Task statement → From the records below, extract only the lines running from the line with "Elizabeth Taylor Gold" to the line with "Pink Kraken Hostel", both lines included, reproducing them exactly.

(Records drawn from a dataset)

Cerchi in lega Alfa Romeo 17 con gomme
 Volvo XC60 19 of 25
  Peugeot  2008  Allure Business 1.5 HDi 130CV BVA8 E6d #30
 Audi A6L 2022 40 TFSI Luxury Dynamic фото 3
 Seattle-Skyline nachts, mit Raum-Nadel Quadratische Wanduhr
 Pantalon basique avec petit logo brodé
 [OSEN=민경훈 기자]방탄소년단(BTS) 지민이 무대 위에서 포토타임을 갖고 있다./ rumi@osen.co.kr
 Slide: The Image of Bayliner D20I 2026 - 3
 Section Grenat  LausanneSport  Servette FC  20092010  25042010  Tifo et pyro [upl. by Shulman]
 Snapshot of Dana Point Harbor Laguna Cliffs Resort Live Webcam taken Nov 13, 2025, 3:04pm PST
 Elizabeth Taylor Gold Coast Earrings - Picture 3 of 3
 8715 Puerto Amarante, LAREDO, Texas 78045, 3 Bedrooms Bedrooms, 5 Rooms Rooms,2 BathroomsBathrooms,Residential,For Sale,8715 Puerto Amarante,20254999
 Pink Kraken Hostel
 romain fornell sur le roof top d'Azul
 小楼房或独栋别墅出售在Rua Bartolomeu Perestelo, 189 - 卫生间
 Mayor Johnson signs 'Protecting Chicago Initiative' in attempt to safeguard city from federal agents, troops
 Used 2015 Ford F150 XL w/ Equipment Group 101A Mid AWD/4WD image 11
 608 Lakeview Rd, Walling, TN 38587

Response to the exercise →
 Elizabeth Taylor Gold Coast Earrings - Picture 3 of 3
 8715 Puerto Amarante, LAREDO, Texas 78045, 3 Bedrooms Bedrooms, 5 Rooms Rooms,2 BathroomsBathrooms,Residential,For Sale,8715 Puerto Amarante,20254999
 Pink Kraken Hostel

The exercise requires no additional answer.